Excatly. RAID is for up-time which is irrelevant for home-use. As a home user, RAID is a waste of money. Just work with single drives and make regular backups to an external drive which you store somewhere else (easiest being workplace).
 

cbn

Lifer
Mar 27, 2009
12,968
221
106
As a home user, RAID is a waste of money. Just work with single drives and make regular backups to an external drive which you store somewhere else (easiest being workplace).
Single drives don't have enough sequential for 4K editing with an intermediate codec.

But with a cheap RAID-5 (or storage spaces volume) a person could do that.
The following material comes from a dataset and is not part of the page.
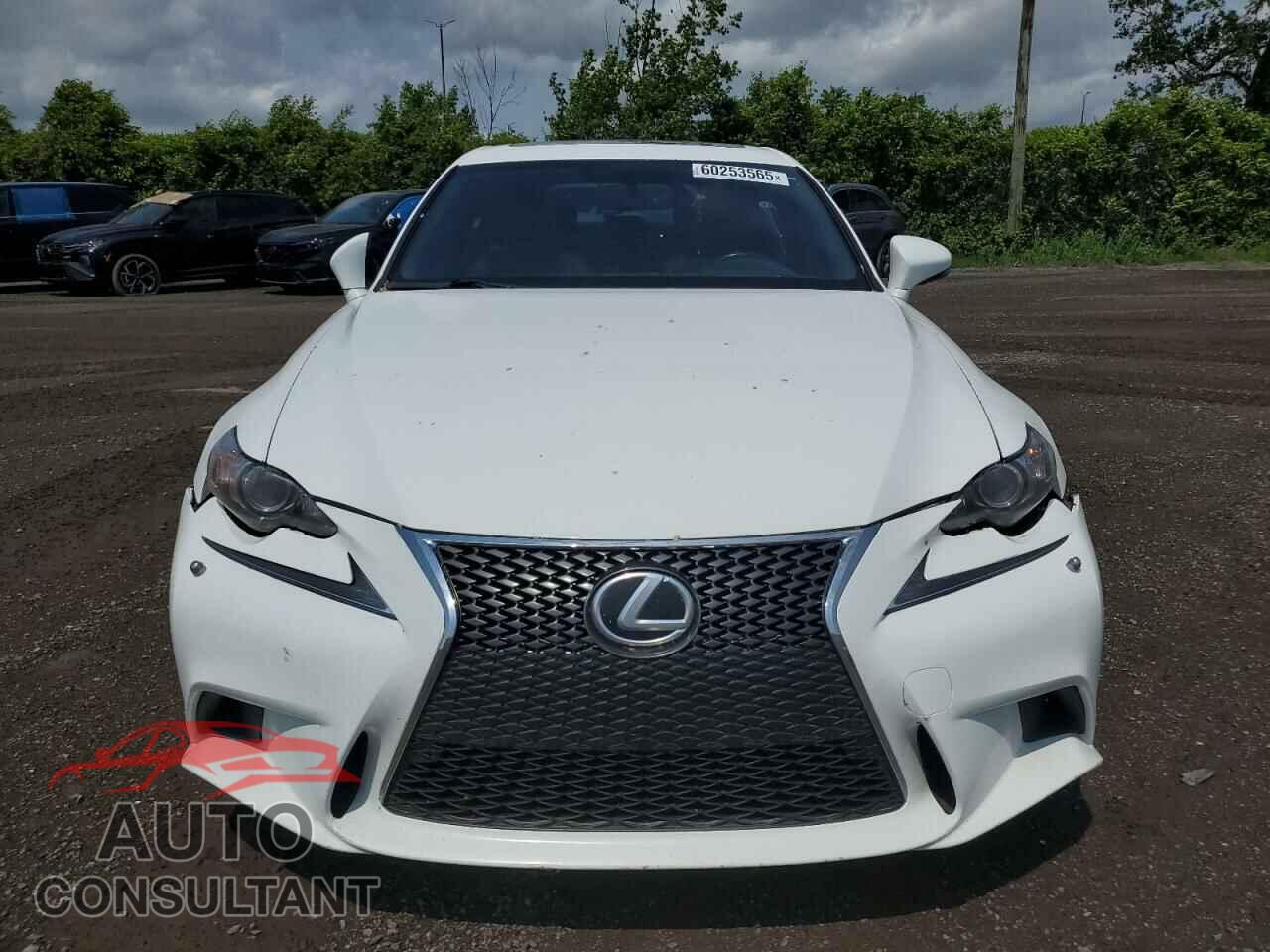 LEXUS IS 2014 - JTHCF1D27E5010658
I personally like the idea of a basic build with a C drive made up with this RAID-5 using Optane for cache. (Just back-up essential files to an external drive)
 

beginner99

Diamond Member
Jun 2, 2009
4,752
1,149
136
I personally like the idea of a basic build with a C drive made up with this RAID-5 using Optane for cache. (Just back-up essential files to an external drive)
That sounds overly complex for now apparent gain. Just get an ssd but I doubt that a fast spiner doesn't have neough bandwidth, fastes on easily reach >150 mb/s now.
 
  • Like
Reactions: Insert_Nickname

Insert_Nickname

Diamond Member
May 6, 2012
4,023
608
126
That sounds overly complex for now apparent gain. Just get an ssd but I doubt that a fast spiner doesn't have neough bandwidth, fastes on easily reach >150 mb/s now.
Ah, but for random 4K R/W you really shouldn't expect more then 1.5-2MB/s. I shudder to think how long it'd take to fill even a 4TB drive at that speed. A month or two?
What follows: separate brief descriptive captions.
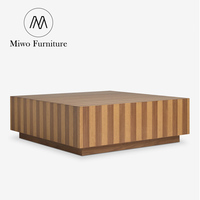 Table basse carrée moderne rétro, table basse en bois plaqué à rayures verticales bicolores, table centrale pour salon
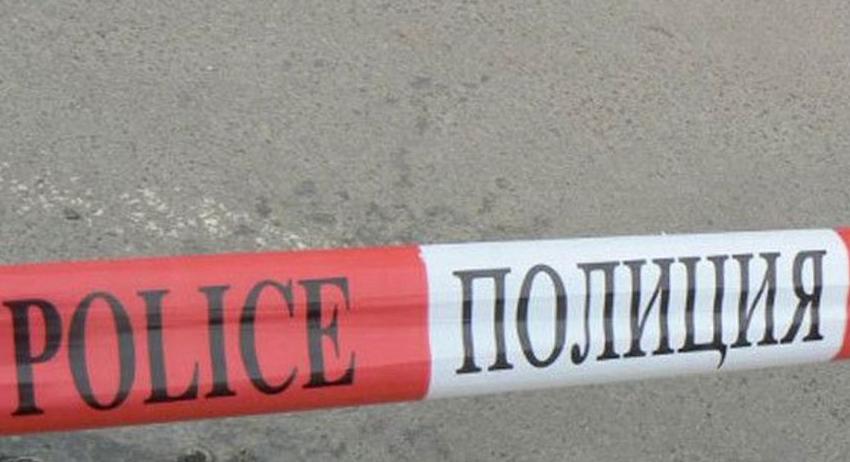 Лек автомобил „Ауди А3“ катастрофира до къща на улица „Кракра“ в Разград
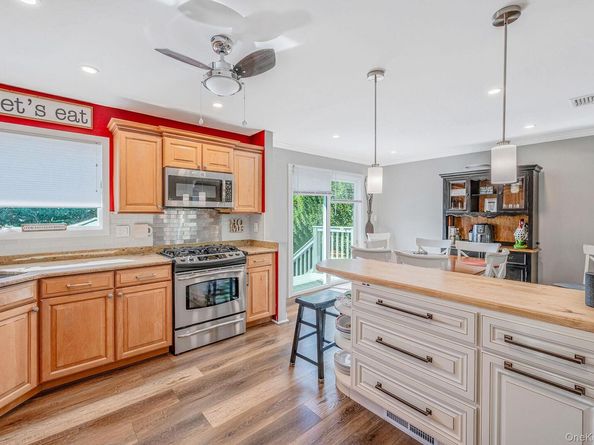 16 Dexter Lane, Kings Park NY 11754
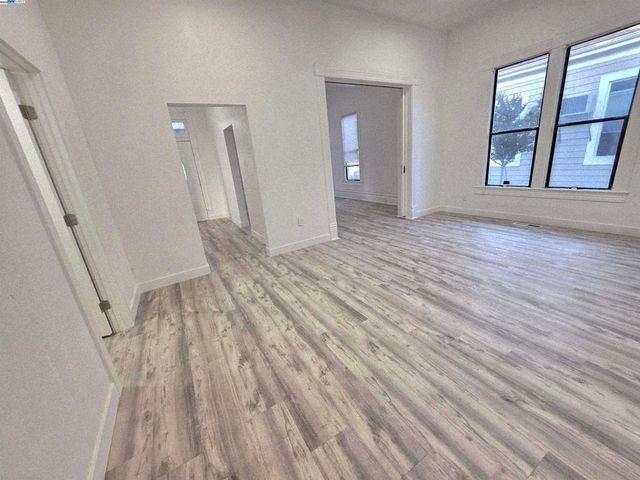 220 E Lodi Ave, Lodi, CA 95240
Lets see. 4TB = 4000GB = 4.000.000MB (yes, yes, you should subtract 7%. Just indulge me)

So it'd take 4.000.000 seconds to fill @ 1MB/s. That's 66666.7 minutes, 1111 hours or about 46 days. Ouch...
 

cbn

Lifer
Mar 27, 2009
12,968
221
106
(snip) I doubt that a fast spiner doesn't have neough bandwidth, fastes on easily reach >150 mb/s now.
Here is a quote from a B and H Photo article:

https://www.bhphotovideo.com/explora/video/tips-and-solutions/hard-drive-solutions-video-editing-studios

Once you know how much bandwidth a single track of the codec requires, your next step is to determine how many tracks you are going to need to play back at once. If you will only be doing simple editing with some transitions and text overlays, then twice the bandwidth is probably enough. However, if you plan on doing multi-camera cutting in real time, or using a large number of layers simultaneously, you are going to need far more.
And some data rates from Avid:

http://avid.force.com/pkb/articles/en_US/White_Paper/DNxHR-Codec-Bandwidth-Specifications



Even simple 4K editing with some transitions and text overlays using DNxHR HQX at 4K30 is going to require 222.2 MB/s. (re: 2 x 111.10 = 222.2 MB/s). Same, but at 4K60, would require 444.4 MB/s (re: 2 x 222.2 MB/s).